Future work could explore the scalability of this method to multi-area grids or hybrid systems with diverse storage technologies. Economic aspects, such as cost-benefit analysis of the battery energy storage system deployment, also warrant investigation. Nonetheless, the current findings underscore the potential of adaptive control in enhancing the role of the battery energy storage system in modern power systems. By continuously refining these strategies, we can pave the way for a more resilient and sustainable energy infrastructure.
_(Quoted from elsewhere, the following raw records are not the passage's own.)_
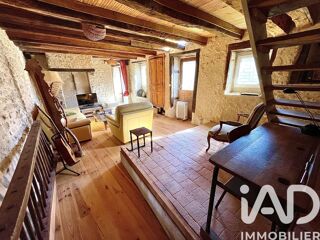  Maison à vendre 4 pièces 114 m²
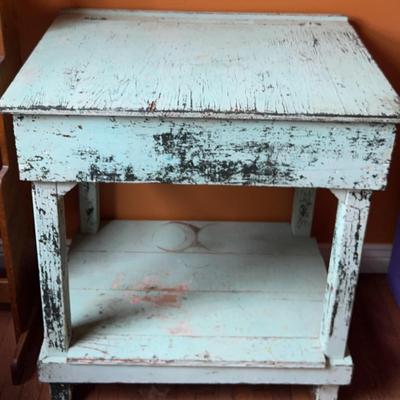 Vintage Desk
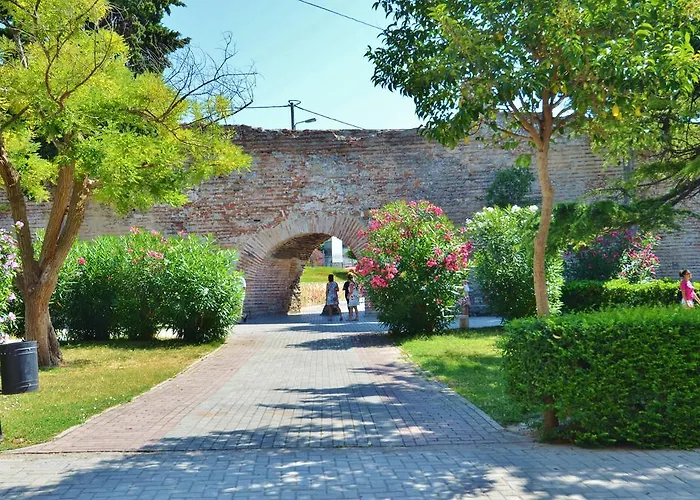 West Durrës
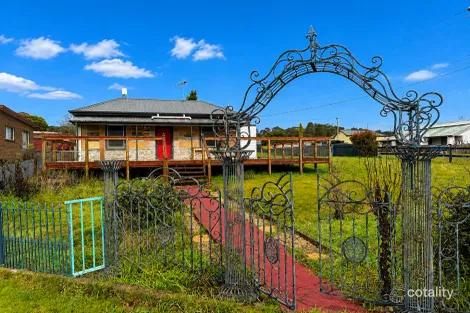 35 Gardiners Creek Rd, St Marys, TAS 7215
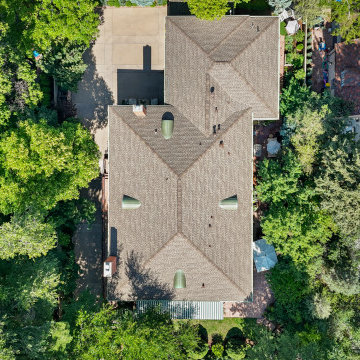 East Hawthorne Place Home Remodel & Addition, Denver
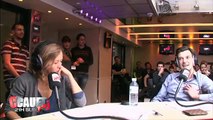 Il apprend en direct quil est cocu ! Cauet NRJ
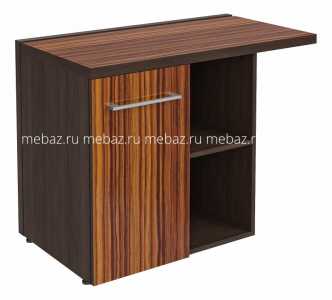 мебель Тумба Morris MCRT1055(L) SKY_00-07005361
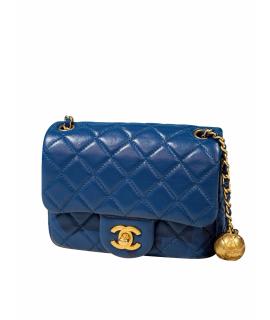 CHANEL Сумка через плечо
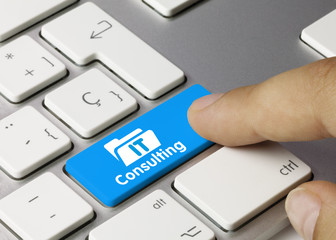 IT Consulting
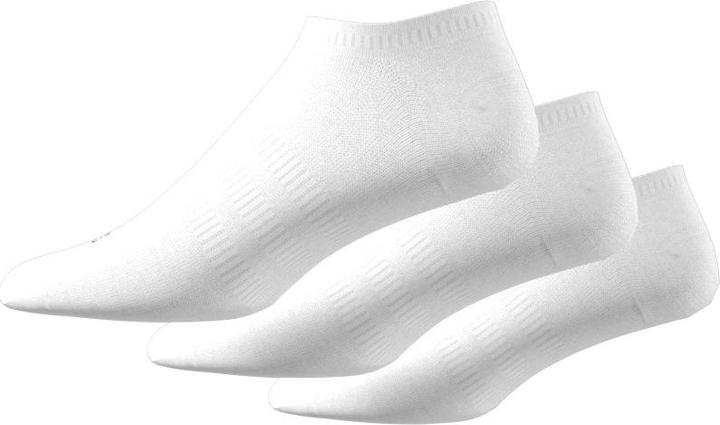 Image du produit adidas Skarpety Mince et Lumineuse Sans Show 3PP HT3463 (L)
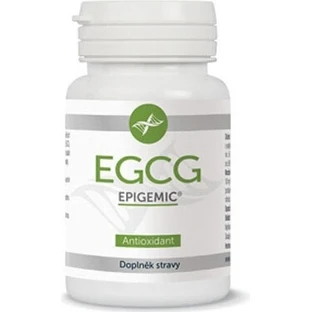 ToolsHealth EGCG Extra 1×60 cps, complément alimentaire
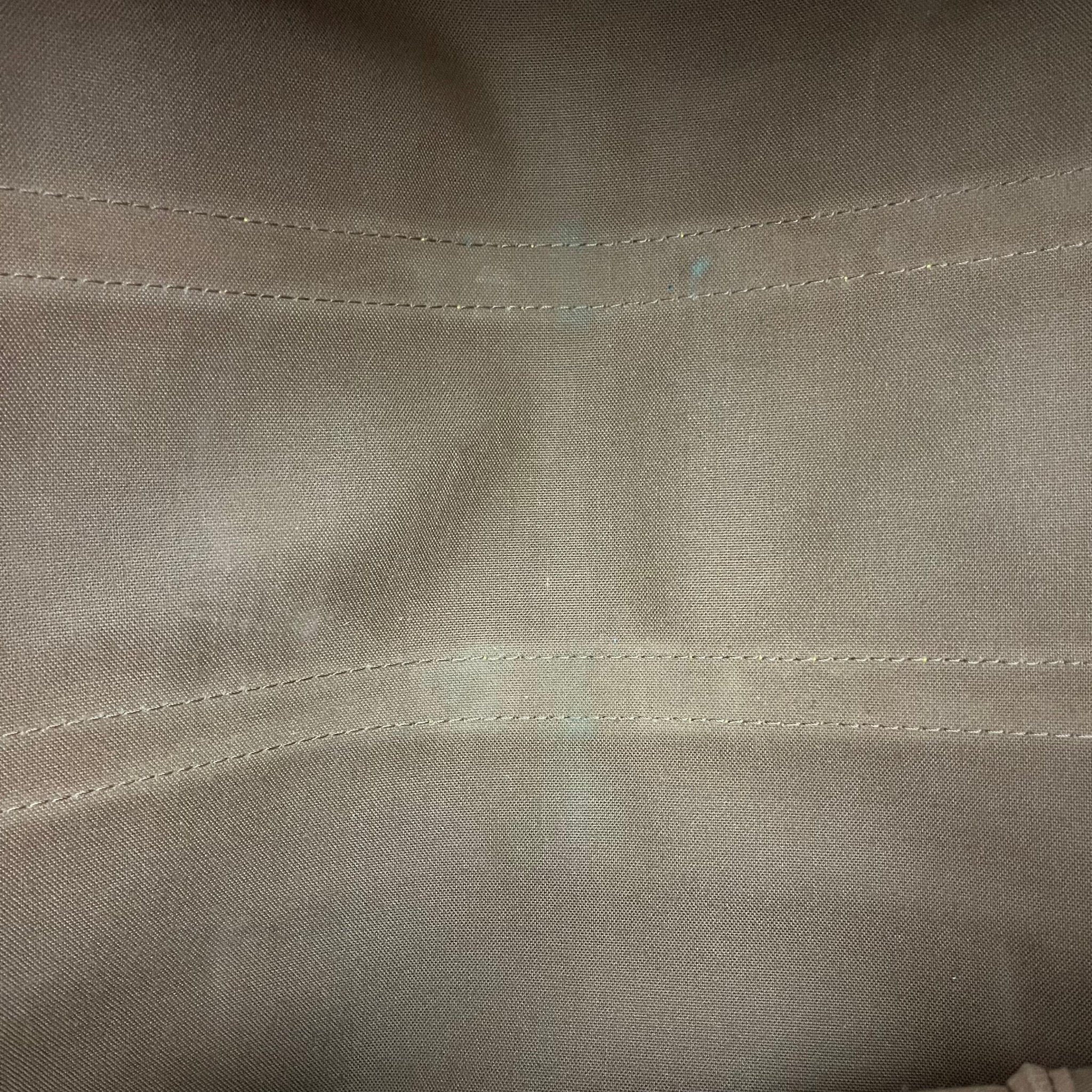 Louis Vuitton Keepall 45 Monogram 1986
In conclusion, the integration of the battery energy storage system into frequency regulation frameworks is essential for addressing the challenges posed by renewable energy integration. My proposed adaptive control method provides a robust solution that balances performance and battery health, ensuring that the battery energy storage system contributes effectively to grid stability. Through detailed modeling and simulation, I have demonstrated its superiority over conventional approaches, highlighting the importance of adaptive mechanisms in the evolving energy landscape.